Only the lines from the one with "Traditionelle Fischer Silhouette" through the end of the data below belong in the answer, restated word for word, pictures excluded.

--- SUPPLIED MATERIAL ---

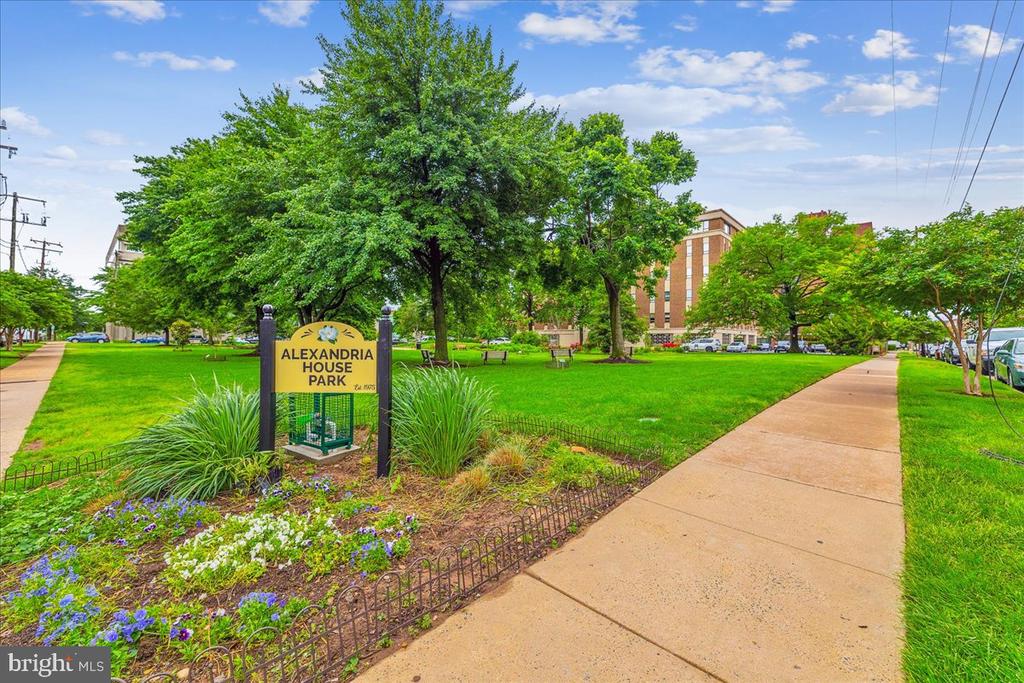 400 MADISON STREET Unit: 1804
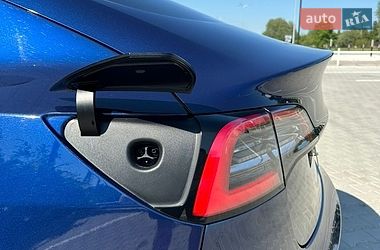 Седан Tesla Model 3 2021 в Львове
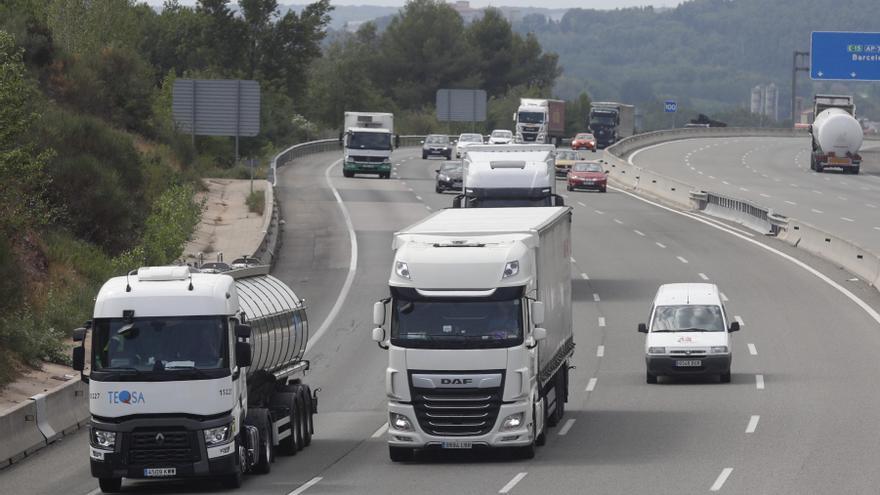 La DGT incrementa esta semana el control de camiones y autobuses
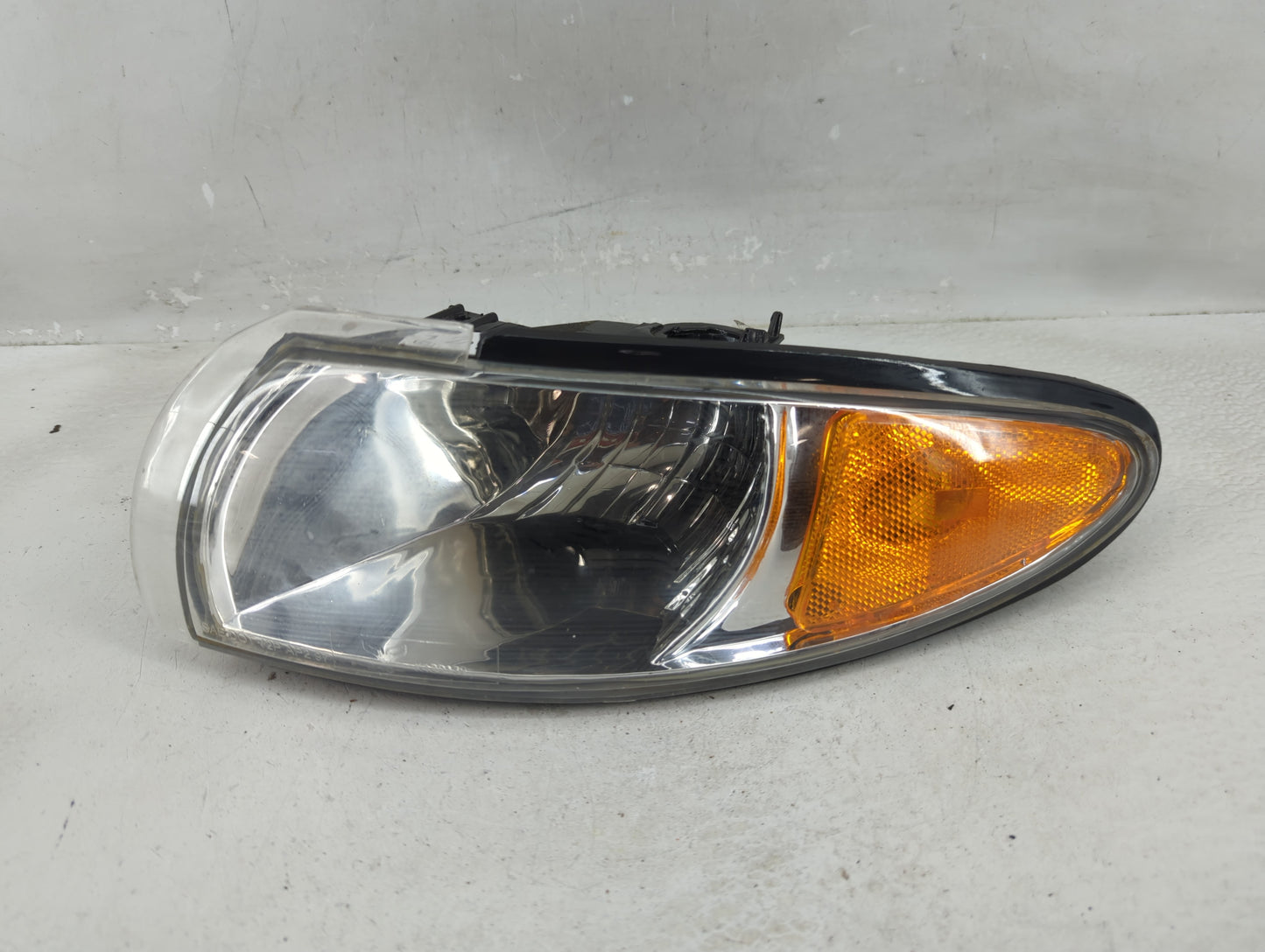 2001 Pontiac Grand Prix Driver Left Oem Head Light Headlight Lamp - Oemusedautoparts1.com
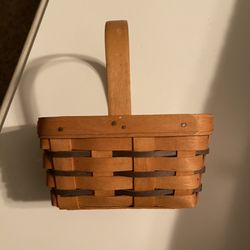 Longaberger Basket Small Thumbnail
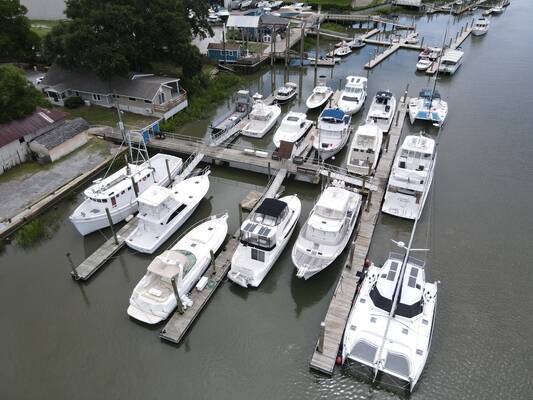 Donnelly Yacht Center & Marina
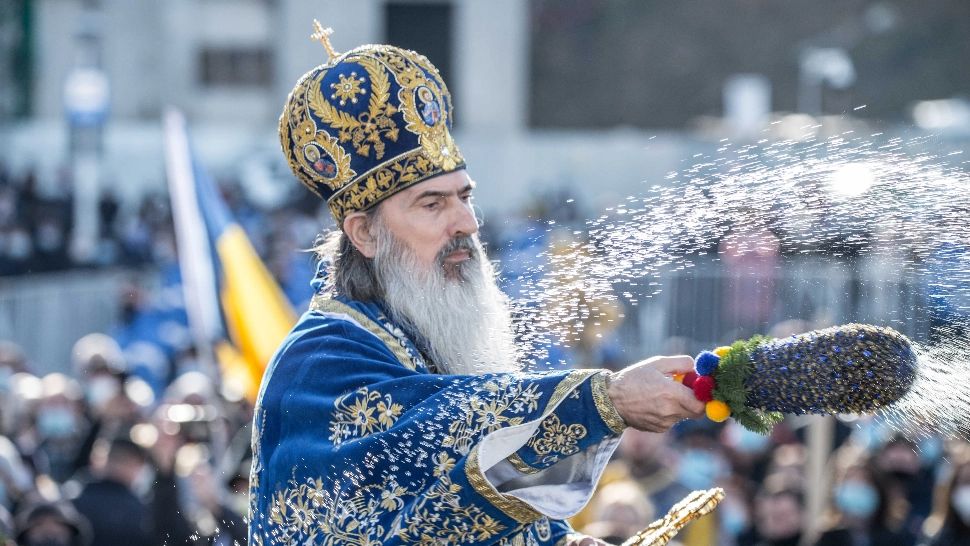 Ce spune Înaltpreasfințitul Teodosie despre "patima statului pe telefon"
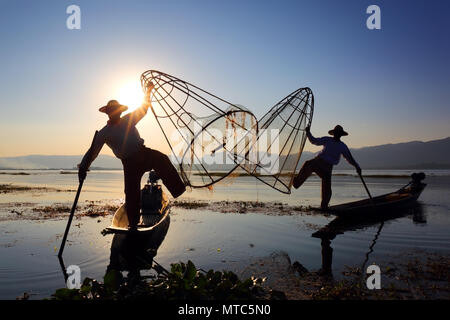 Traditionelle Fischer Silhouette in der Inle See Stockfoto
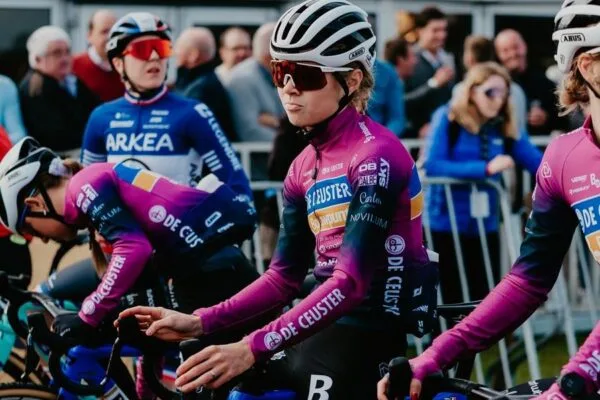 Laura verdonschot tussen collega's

---

» TASK SOLUTION
 Traditionelle Fischer Silhouette in der Inle See Stockfoto
 Laura verdonschot tussen collega's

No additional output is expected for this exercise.